Education: A Class Issue

SANTIAGO – Only two state schools featured among the top 50 scoring institutions in the country following the publication of the PSU results last week. This only further raises concerns over the quality of education offered to students in Chile. The results reinforce the complaints of the student groups, who protested against the PSU and government because the education at public schools is lacking.

The Results are in

In the most recent PSU (aka Prueba de Seleccion Universitaria or, in English, “University Selection Test”), which all students must take to be accepted into universities, only two public schools made it into the top 50: the Liceo Agusto D’Halmar de Ñuñoa, which came in seventh with 674 points, and the Liceo Bicentenario de Temuco, which came in 37th with 656 points.

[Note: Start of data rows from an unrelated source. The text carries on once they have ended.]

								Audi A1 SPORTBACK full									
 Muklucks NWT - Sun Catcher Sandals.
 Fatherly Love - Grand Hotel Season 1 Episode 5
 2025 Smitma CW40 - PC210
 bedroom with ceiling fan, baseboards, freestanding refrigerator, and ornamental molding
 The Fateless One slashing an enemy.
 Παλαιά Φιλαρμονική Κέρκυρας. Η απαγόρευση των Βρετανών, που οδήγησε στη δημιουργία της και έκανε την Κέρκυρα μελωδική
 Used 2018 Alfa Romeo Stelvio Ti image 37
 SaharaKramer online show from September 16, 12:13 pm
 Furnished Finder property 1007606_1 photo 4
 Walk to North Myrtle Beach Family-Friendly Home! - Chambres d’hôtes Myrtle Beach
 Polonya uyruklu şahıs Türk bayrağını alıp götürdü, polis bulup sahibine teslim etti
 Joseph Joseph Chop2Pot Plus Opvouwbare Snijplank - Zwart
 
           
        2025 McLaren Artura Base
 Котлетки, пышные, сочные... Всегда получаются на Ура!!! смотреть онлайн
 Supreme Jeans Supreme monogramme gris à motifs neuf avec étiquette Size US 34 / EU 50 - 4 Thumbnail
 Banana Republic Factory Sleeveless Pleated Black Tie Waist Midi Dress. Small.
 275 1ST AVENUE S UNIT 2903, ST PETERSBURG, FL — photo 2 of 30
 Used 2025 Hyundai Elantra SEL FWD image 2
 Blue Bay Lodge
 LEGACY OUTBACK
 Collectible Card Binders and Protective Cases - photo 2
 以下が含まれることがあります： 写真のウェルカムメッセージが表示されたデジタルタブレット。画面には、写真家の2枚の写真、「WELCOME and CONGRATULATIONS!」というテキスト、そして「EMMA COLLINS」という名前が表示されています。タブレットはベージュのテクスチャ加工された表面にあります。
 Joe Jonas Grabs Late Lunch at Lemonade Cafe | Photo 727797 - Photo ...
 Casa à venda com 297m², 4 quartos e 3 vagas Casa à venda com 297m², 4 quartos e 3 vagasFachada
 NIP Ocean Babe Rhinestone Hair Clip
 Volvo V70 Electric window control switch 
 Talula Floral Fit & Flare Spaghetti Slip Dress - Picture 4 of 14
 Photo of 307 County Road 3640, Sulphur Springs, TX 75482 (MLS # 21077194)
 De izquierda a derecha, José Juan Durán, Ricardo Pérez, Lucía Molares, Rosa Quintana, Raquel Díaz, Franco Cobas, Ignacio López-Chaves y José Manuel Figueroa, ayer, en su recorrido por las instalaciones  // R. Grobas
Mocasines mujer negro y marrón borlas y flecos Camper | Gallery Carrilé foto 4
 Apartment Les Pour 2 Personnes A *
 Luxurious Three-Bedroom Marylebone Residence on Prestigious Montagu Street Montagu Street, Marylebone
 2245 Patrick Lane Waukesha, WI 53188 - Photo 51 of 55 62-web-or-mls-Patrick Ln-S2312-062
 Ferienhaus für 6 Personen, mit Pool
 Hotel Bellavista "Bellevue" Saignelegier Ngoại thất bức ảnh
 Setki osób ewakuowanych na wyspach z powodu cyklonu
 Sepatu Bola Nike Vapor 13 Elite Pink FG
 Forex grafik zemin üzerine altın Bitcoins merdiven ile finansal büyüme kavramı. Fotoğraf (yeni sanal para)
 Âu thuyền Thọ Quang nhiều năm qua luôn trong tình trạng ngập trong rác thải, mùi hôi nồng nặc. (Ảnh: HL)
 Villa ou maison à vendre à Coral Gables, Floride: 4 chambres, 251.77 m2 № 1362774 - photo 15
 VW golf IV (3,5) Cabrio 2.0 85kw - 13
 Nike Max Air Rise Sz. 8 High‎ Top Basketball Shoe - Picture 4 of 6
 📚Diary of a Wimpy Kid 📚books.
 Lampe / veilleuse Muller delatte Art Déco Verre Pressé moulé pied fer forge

The remaining 48 schools that achieved the highest scores are all private, and many are located in the wealthier districts of the Metropolitan region: Las Condes had 12 schools in the top 50; Lo Barnechea, 10; and Vitacura and Providencia, 8 each. The Instituto Hebreo Dr. Chaim Weizmann-Ort in Lo Barnechea achieved the highest ranking with 692 points.

Education Inequality

The results have raised concerns over the difference between public and private education in Chile. The education system in Chile is divided into state schools, private subsidized schools, and private unsubsidized schools, which are funded entirely by families and private investors. The number of students attending public schools has steadily decreased since the 1980s from 78% to 1981, to under 40% in 2011, while the number of students attending private subsidized schools has increased to over 50% of the student population. An estimated 7% of students attend unsubsidized schools.

As the private institutions received more funding from parents and investors, private schools were able to promote a higher quality of teaching, better facilities, and greater success for students. Those families who are able to afford private education further support the development of these institutions, while state schools still receive the basic funding from the government and are unable to compete on the same level.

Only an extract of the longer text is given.